A Senate hearing about potential military strikes against Syria was dominated by discussion about Iraq. Secretary of State John Kerry promised there would be no ground troops.
The first congressional hearing on President Obama’s request to use military force in Syria showcased the deep and bitter legacy of the Iraq war, as one senator after the other demanded that any authorization specifically rule out any recourse to American boots on the ground.
The Tuesday afternoon hearing of the Senate Foreign Relations Committee revealed the varying concerns of different factions in Congress – concerns that range from wanting any US action to assist the Syrian rebels in bringing down President Bashar al-Assad to worrying that even limited military action could aid America’s enemies, including Al Qaeda elements in Syria.
But the echo of Iraq – and the demand that Syria not become another quagmire – dominated more than three hours of discussion.

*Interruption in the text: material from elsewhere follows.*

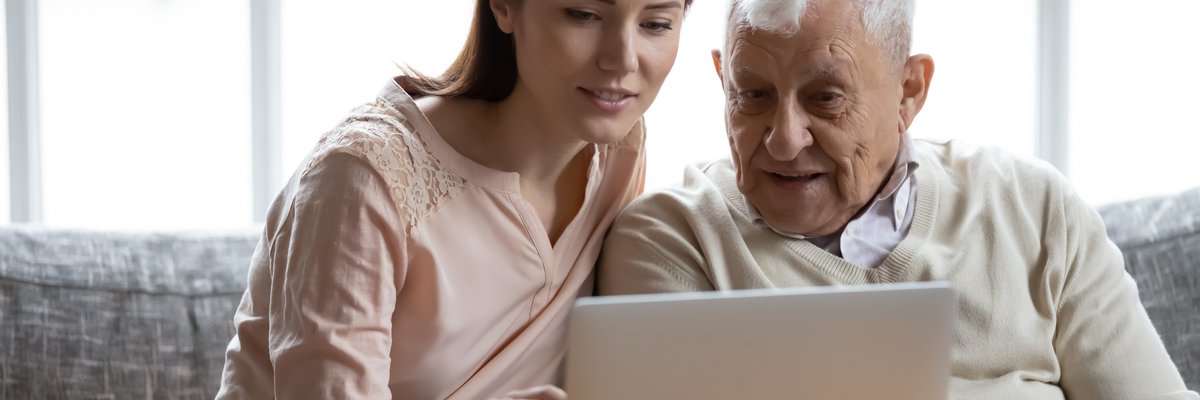 Young adult woman looking at laptop and talking with elderly man.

Secretary of State John Kerry acknowledged Iraq's shadow when he said he understood congressional reluctance to authorize the use of force based on intelligence assessments that the Assad regime used chemical weapons against civilians on Aug. 21. He was seated next to Secretary of Defense Chuck Hagel – who, like him, voted as a senator in 2003 to authorize the invasion of Iraq. "We are especially sensitive, Chuck and I, to never again asking any member of Congress to take a vote on faulty intelligence," Secretary Kerry said.